I think a very good start for all of this is that we should be generating the terms and paperwork at a provincial level and requiring all insurance companies use the same forms. You want a doctor to fill out your paperwork? Use the paperwork we’ve agreed on then. The first way they start miring people down is by sending out twenty page forms asking for every little detail of your medical history regardless of the claim, wasting huge public resources from doctors. From there it would be easier to standardize practice for insurance companies so that we have more ways of holding them accountable when they try to claim that the provided evidence is sufficient.
Edit to add: I don’t know if most people realize this but a lot of the time once the doc has given a diagnosis insurance isn’t actually trying to refute it. They’re trying to drag everything out until the patient is too exhausted or broke to fight anymore. It often works, they’re forced to go back to work because otherwise they’ll starve. Insurance doesn’t have to prove anything, just delay.
Similarly, insurance will cut off long term disability claims when there’s no end in sight because it’s cheaper for them to pay out a settlement than continue to pay LTD indefinitely.
All it takes is one person to get pushed way over the edge and we’ll be back to work place shootings
His account is basically word for word what happens in pretty much any corporate environment (at least in Canada).
I work for an organization that has hundreds of thousands of workers and burnout without coverage from insurance is a major source of turnover. We do an annual mental health survey and it’s all just for show because for the past 10 years the org has a steady decline in average happiness scores.
Senior executives give lip service about how “concerned” they are about the scores and how “we need to do better” and then it’s back to business. Same old same old.
At the end of the day they only care about profits.
That’s probably why my last two employers moved from Shepell FGI where we had access to actual psychologists with full on sessions to Dialogue where you can only talk to a social worker for 30 min at a time and only focus on one topic. The new service is probably cheaper.
Ah we had Mourneau Shepell as well. Now our EAP has 6 consultation limit per person.
One way you can game this is to get your kids and other household members to call in for you with your issues. Then you get 6 more consultations!
Solution largely is working less and bosses who ain’t dicks… This is something that the org needs to fix. Consultations with mental health professional will not fix this root cause.
True.

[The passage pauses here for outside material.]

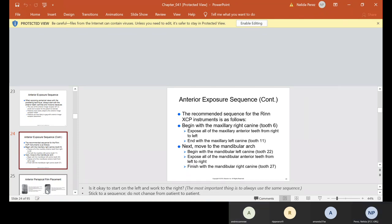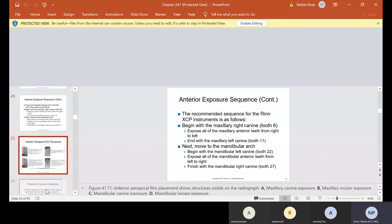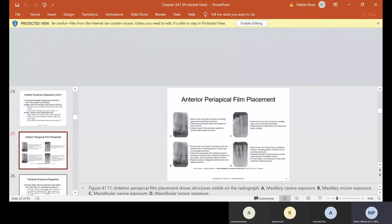It is always important for you to start on the same sequence, and if you always start on the same sequence, your time is going to get better. Here are your anterior periapical film placements — look in your Kindle or your red shelf at figure 41-11 because this is how you can identify when you're mounting how the teeth should look. In letter A, you have the entire crown and tooth of the canine, including apex and surrounding structures, the interproximal alveolar bone, and the mesial contact of the canine.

But you only need one dick at the top to put the pressure on the whole hierarchy of people and suddenly everyone turns into dicks, especially when their paycheck is concerned.
Wow.
Fuck Manulife and fuck RBC.Paraphrasing:
“Not serious enough because they’ve only been prescribed therapy and not medication.”
“They can manage to get out of the house once a week so it’s not completely debilitating.”The article is full of absolute shittakes (not the mushroom).
Next, the company will complain about employee loyalty, wondering why some people move on while they treat everyone like disposable resources to squeeze and discard.
Or maybe just blame “young people don’t wanna work” too, when people avoid your absolute shitstain if a company culture, another classic.Ah, yes, #letstalk
Millions of paper pusher across the world live this clown reality everyday.
It was not always this shiti but last 10-20 years turned office work in dystopian mental illness generator.
Solution is is less work and better work conditions but LeAdERsHIp don’t give two fucks. Fuck you peasants get back to grinding out endless paper and excels.